Lupus Research Alliance
- Formation: 2016
- Founder: Woody Johnson
- Purpose: To find better treatments and ultimately prevent and cure systemic lupus erythematosus (SLE or lupus)
- Location: 52 Vanderbilt Ave, Suite 401, New York, NY 10017;
- Website: www.lupusresearch.org

= Lupus Research Alliance =

American nonprofit organization

The Lupus Research Alliance (LRA) is an American voluntary health organization based in New York City whose mission is to find better treatments and ultimately prevent and cure systemic lupus erythematosus (SLE or lupus), a debilitating autoimmune disease, through supporting medical research. The organization was born from the merger of three organizations: the Lupus Research Institute (LRI) and the S.L.E. Lupus Foundation with the Alliance for Lupus Research (ALR), which was founded by Robert Wood "Woody" Johnson IV, a member of the Johnson & Johnson family and owner of the New York Jets. As of 2020 the LRA's cumulative research commitment was US$220,000,000.

==History==
The Lupus Research Alliance (LRA) was founded as The Alliance for Lupus Research in 1999 by former chairperson Woody Johnson, a member of the founding family of Johnson & Johnson and owner of the New York Jets. The organizations's fundraising efforts include committing money to lupus research and charity walk-a-thons under the "Walk with Us to Cure Lupus" program, which raises funds and public awareness of the disease.

==Research funding==
The hallmark of LRA's operations are an emphasis on multidisciplinary science. Research funded by the LRA has included the 2008 International SLE Genetics Consortium (SLEGEN), which identified several genes associated with lupus.

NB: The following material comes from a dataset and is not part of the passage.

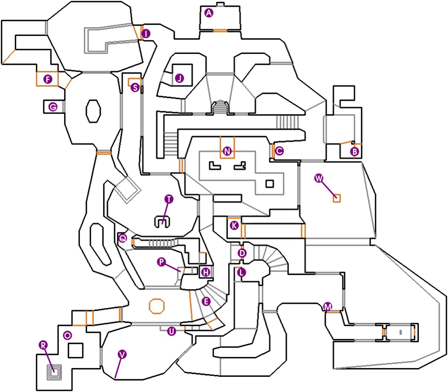Each of the three sides aim to control Hoover Dam, which is still operational and supplying the American Southwest with power and clean, non-irradiated water. Thus, control of the dam means effective control of the region. A fourth option, siding with a robot named Yes Man and prevailing upon or eliminating the other faction leaders, enables the player to go solo and take over the Hoover Dam for themselves.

The Lupus Research Alliance has given more money to lupus research than any non-governmental agency in the world. As of 2015 the LRA's cumulative research commitment was over US$100,000,000, making it the largest lupus research organization and the only organization the funds lupus biomedical research internationally. One hundred percent of all donations from the public including donations in support of the "Walk with Us to Cure Lupus" program go directly to research programs because the LRA's board of directors funds all administrative and fundraising costs. LRA uses a peer review system to make all funding decisions.